Reporters are facing increasing threats of abduction, imprisonment, kidnapping and murder.
New York: As the reliance on freelance journalists by news organisation has increased, so has the burden of guaranteeing a safe working environment for these journalists, especially when reporting from war-torn areas.
Since the civil uprise of the Arab Spring and the outbreak of the Syrian civil war in 2011, reporters are facing increasing threats, from abduction, to imprisonment, kidnapping and ultimately murder. This situation affects not only individual journalists, but journalism sector more broadly.
In February 2015, several journalists organisations such as the Freelance Frontline Register (FFR) and the Committee to Protect Journalists (CPJ), along with major news organisations and networks, wires, and journalist representatives launched altogether the ACOS (A Culture of Safety) Alliance: a coalition that tries to embed a culture of safety practices in the news industry and access to the tools that freelancers need to report safely.
“We realised that the current situation was not sustainable and it was not a great situation for anybody,” Emma Beals, freelance journalist and member of the FFR elected board told IPS.
Fair and timely payment
“When we are freelancers it always comes down to money: being paid ten bucks for photos out of war-zones. Having to hassle people for weeks and months to be paid or having news organisation refusing to pay for the insurance,” remarked Beals.

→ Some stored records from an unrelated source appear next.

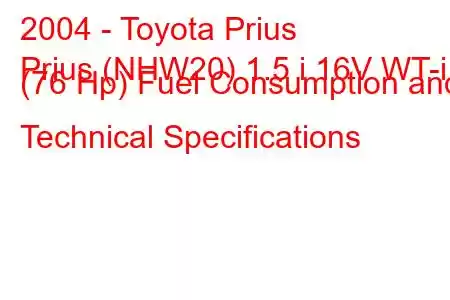 2004 - Toyota Prius
Prius (NHW20) 1.5 i 16V WT-i (76 Hp) Fuel Consumption and Technical Specifications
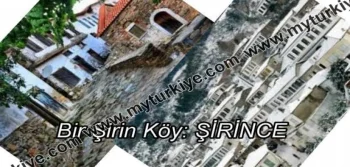 Bir Şirin Köy: ŞİRİNCE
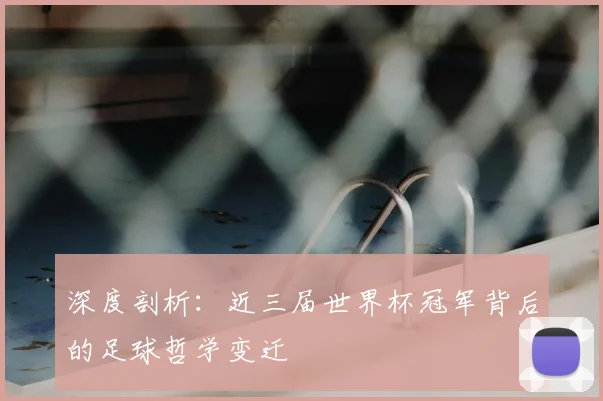 深度剖析：近三届世界杯冠军背后的足球哲学变迁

Payment to freelancers and local journalists is important because it also effects their security, said Courtney Radsch, advocacy director at CPJ.

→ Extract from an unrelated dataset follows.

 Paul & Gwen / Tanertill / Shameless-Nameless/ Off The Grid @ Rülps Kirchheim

“There are countless stories of freelancers who have to make a trade off to get security equipment, a good translator or an armoured car… So news organisations have the moral responsibility to freelancers essentially to treat them in the same way that they would treat their own staff,” Radsch told IPS.
Fair and timely pay should take into account additional costs when doing foreign reporting, such as security, special training and gear. But if you do not get paid quickly from your client, then you have to fund expenses in advance by yourself. This means that you will have less money to spend on your next story, making you less safe, explained Beals.

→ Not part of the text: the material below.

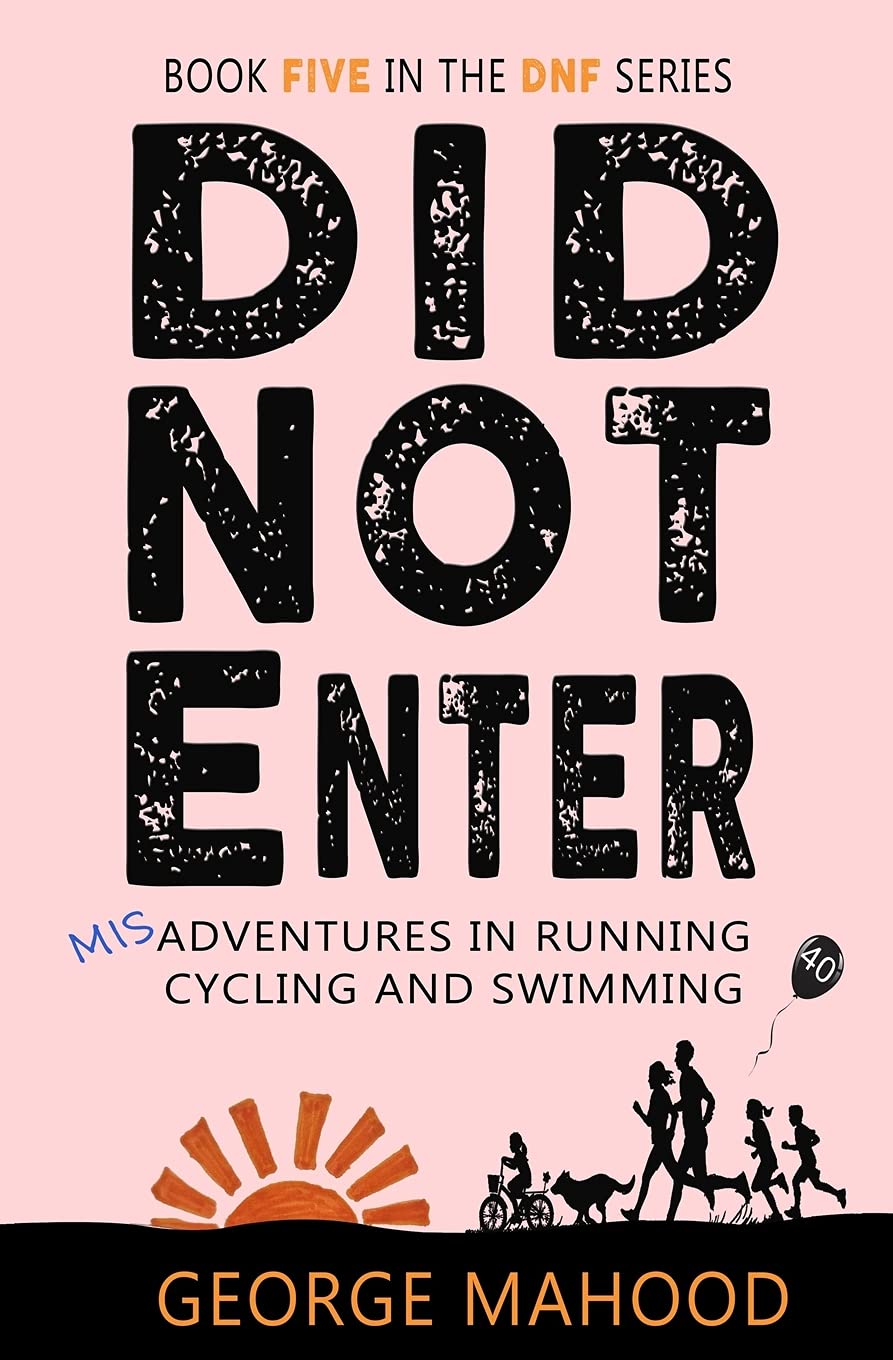 Did Not Enter: Book Five in the DNF Series: Misadventures in Running, Cycling and Swimming Leisure & Fun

Other aspects that commissioning editors should think of are: risks in accessing information and providing the right assistance when things go wrong, such as a lawyer said Beals.
In contrast with staff-journalists who are sent by their own editor, freelancers do not get the same assistance.
“Those cases are often resolved much quicker and in a less strict way. Whereas for freelancers it’s the family and friends who have to work out what to do next, while things start escalating more rapidly.”
Over 85 organisations have signed up for ACOS Alliance and committed to endorse the 14 Freelance Journalists Safety Principles.
“Taking safe practices is a responsibility of all parties involved. It is important to ensure that people can implement them because for some news organisation this is a new way of working. This will help everybody they work with, not only freelancers,” Beals underlined.
In response, some news organisations have decided to stop accepting unsolicited freelance content from dangerous locations.
“Since the dangers of reporting seem to out-risk the benefits of using freelance content, many news organisations such as AFP have started to no longer accept unsolicited content material from freelancers,” commented Radsch.
The aim of the alliance is to slowly create a safety net for journalists and news companies across the world, but mostly in highly-dangerous countries such as Iraq, Pakistan, Afghanistan and Syria.
“It will take time and it requires a cultural shift in the media industry. But if you can get those organisations that have started to do this with their own employees, then you can use them as people that will champion this idea among their colleagues,” remarked Beals.
In the past 20 years, the news industry has gone through severe re-adjustments.
“It is not just about traditional media companies, who used to treat their staff well, turning bad now. But since the Syrian civil conflict, wars have become darker and harder to cover, with heavy safety repercussions on freelancers,” Beals said.
She continued, “There used to be fewer newspapers, television channels and magazines, with more money available… Now you have so many outlets, which may or may not have the same level of financing behind them. Therefore, you can produce a lot of journalist material but not all of us get well paid for it.”
“Wars used to be less accessible, where only embedded highly-accredited journalists went to, with the possibility to cross the front-lines. But the Arab Spring has changed all this, rendering things more accessible,” she stated.
Also, technology shifts have reconfigured traditional power relations between journalists and political and economic elites, remarked Radsch.
Journalists are longer privileged since those in power can take their message directly to the public; also, more people who are able to engage in acts of journalism are often without the experience or training that someone working for a media organisation might have, Radsch concluded.